Re: [PATCH 6/6] tracing/fastboot: Print ktime of sched events when boot tracing

From: Frédéric Weisbecker
Date: Fri Oct 10 2008 - 09:03:03 EST


2008/10/10 Frederic Weisbecker <fweisbec@xxxxxxxxx>:
>
> When we use the boot tracer, we want the sched events to be printed with the
> same timestamp than initcall events.
> So we have to create a new type of entry which contains sched event attributes
> and the ktime of the creation of the entry.

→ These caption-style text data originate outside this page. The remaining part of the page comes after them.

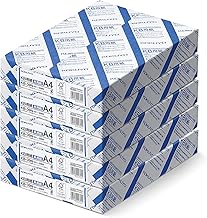 A4 Paper, 5 Reams, 64gsm, 80 Bright, FSC Certified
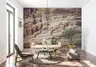 Stratified Rock Face Wall Mural 7
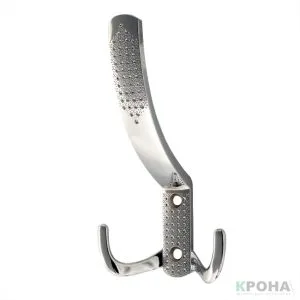 Крючок тройной большой №211 хром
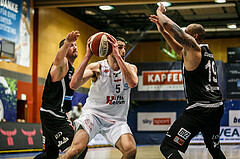Basketball, Basketball Austria Cup, Cup Achtelfinale, Kapfenberg Bulls, Mattersburg Rocks, Alexander Herrera (5)
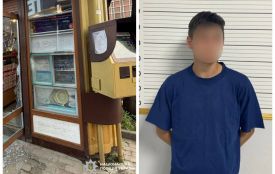 Виніс понад 19 тисяч гривень із кіоску: на проспекті Коцюбинського затримали 19-річного злодія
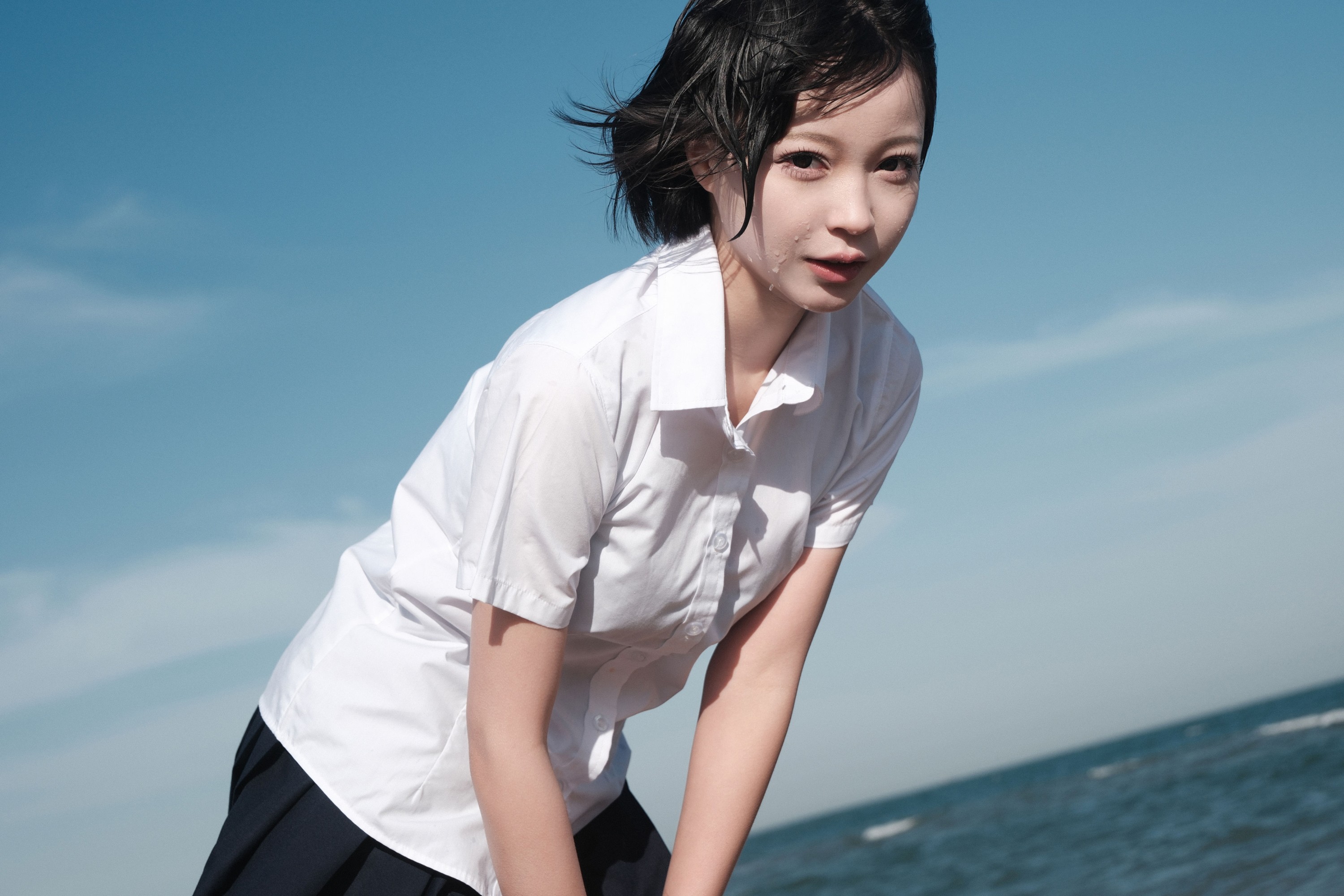 图片[3] - Disexi思宁 - 《宝矿力少女》[22P] - 机器猫次元 - 机器猫次元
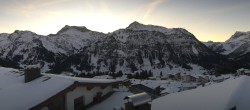 Archiv Foto Webcam Panorama Oberlech - Hotel Goldener Berg 06:00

> Then the output is handled by the boot tracer.
>
> Signed-off-by: Frederic Weisbecker <fweisbec@xxxxxxxxx>
> CC: Steven Rostedt <rostedt@xxxxxxxxxxx>
> CC: Arjan van de Ven <arjan@xxxxxxxxxxxxx>
> ---
> kernel/trace/trace.c | 107 ++++++++++++++++++++++++++++++++++++++++----
> kernel/trace/trace.h | 22 +++++++++
> kernel/trace/trace_boot.c | 96 ++++++++++++++++++++++++++++++++--------
> 3 files changed, 196 insertions(+), 29 deletions(-)
>
> diff --git a/kernel/trace/trace.c b/kernel/trace/trace.c
> index acc21bb..4300521 100644
> --- a/kernel/trace/trace.c
> +++ b/kernel/trace/trace.c
> @@ -622,7 +622,7 @@ static void trace_save_cmdline(struct task_struct *tsk)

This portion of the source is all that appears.